INNOCAP project partners organise a second virtual workshop to explore disruptive technologies that will enhance public services.


INNOCAP project partners have virtually met for the second of a series of online sessions to learn more on the possibilities that disruptive technologies can offer to support innovative public services. This second workshop, held on the 9th of May, has focused on Geographic Information Systems (GIS), Data Integration and Artificial Intelligence (AI) chatbots. Like the previous session on 'Online Collaboration and Engagement: 2D/3D + Virtual Reality (VR) and Augmented Reality (AR) guidance technologies', these series of workshops are providing an overview of the tools and their capabilities to spin a further discussion that will ultimately feed into the INNOCAP Capacity Building Programme.

Conversational Agents or Chatbots
"These agents are software applications that communicate with a human using either spoken or written natural language.

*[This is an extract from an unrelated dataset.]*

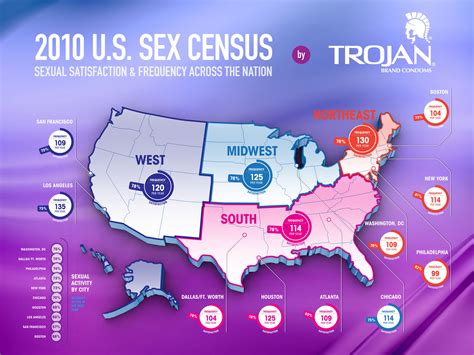 Trojan Us Sex Census Finds Sexual Diversity And Satisfaction On Rise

These are a type of conversational agents used in a wide range of domains for better customer service", explained Agustin Garcia, from the Insight Centre for Data Analytics - University of Galway (Ireland).

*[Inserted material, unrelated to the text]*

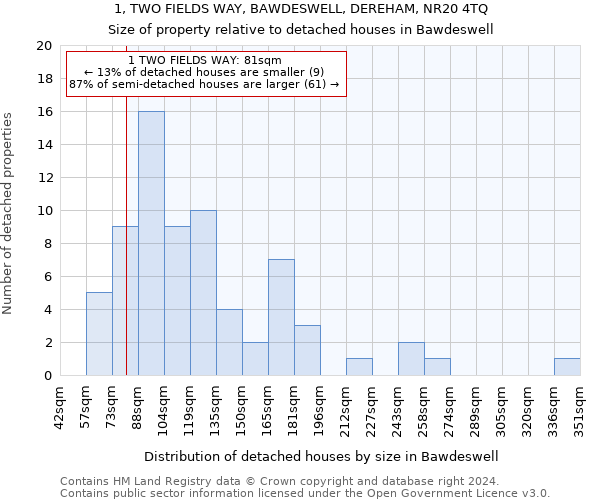 1, TWO FIELDS WAY, BAWDESWELL, DEREHAM, NR20 4TQ: Size of property relative to detached houses in Bawdeswell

Chatbots have become popular in the public service domain as they can reduce the administrative burden and allow citizens to communicate with the government in their everyday natural language. The use of AI technology enables staff to take on more value-added tasks. Agustin presented one successful example developed within another Northern Periphery and Arctic programme funded project, EMERGREEN. Produced by Derry City and Strabane District Council in Northern Ireland, 'RIA', Recycling Information Assistant, was created to reduce the number of phone call from the citizens looking for the basic information.

"How do you imagine the process of creating a chatbot?", asked Agustin to the INNOCAP partnership. He mentioned that there might be some development challenges: scarce, messy and unstructured data, information is dynamic, partners may don't have computer science background and a wide variety of end users (public services). According to him, the approach should be a user-centred design technique, agile development process, and initiated with requirements' analysis and finalised with relevant evaluation by users in the form of dedicated focus groups.

Data Integration
Agustin brought the 'Open Repair Data Platform' case to inspire project partners. This project addressed the increasing amount of waste from electrical and electronic equipment and the lack of convenient and accessible repair solutions by scaling up citizen repair initiatives through the use of digital tools. Aiming to warning the partners, he commented the challenges of data integration. For instance, not all the data available follows a standard; data lives in different places and governed by different organizations; and, data is presented and shared in different formats. Therefore, what can public institutions do to face the potential challenges? The standarization of data by harmonising the data collection efforts; promoting it as a standard available to other community repair networks; using the collected data to produce insights; and ensuring that data is structured, comparable, open, accurate and timely. 

In addition, Agustin mentioned the importance of data integration through the ETL (Extract, Transform, Load) methodology. "This is the process data engineers use to extract data from different sources, transform the data into a usable and trusted resource, and load that data into the systems end-users can access and use downstream to solve business problems", he added.

Geographic Information Systems and Artificial Intelligence
Agustin concluded the last part of the workshop showcasing real project examples that have used GIS, geospatial data collection tools and AI. Among others, he presented 'Towards a Virtual Atlas of Bee-friendly Agriculture' pilot to show INNOCAP partners some real life benefits after using disruptive technologies. "AI can help automate geospatial data creation", he said.